[DATA SECTION]

----

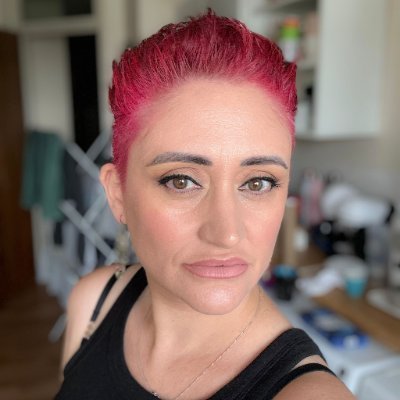 CreActive_Mama's profile picture. 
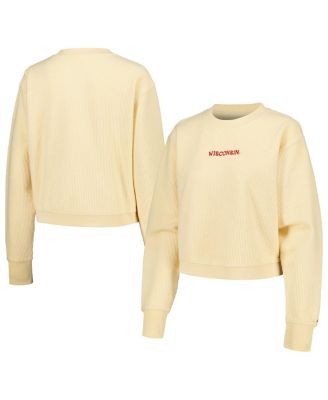 League Collegiate Wear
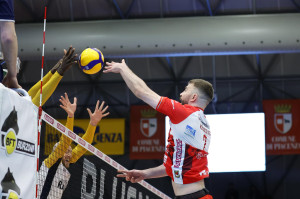 Attacco di Kovacevic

----

[PROBLEM DETAILS] In full and without changes, repeat the listing above, but not its pictures.

[SOLUTION TO THIS TASK]
 CreActive_Mama's profile picture. 
 League Collegiate Wear
 Attacco di Kovacevic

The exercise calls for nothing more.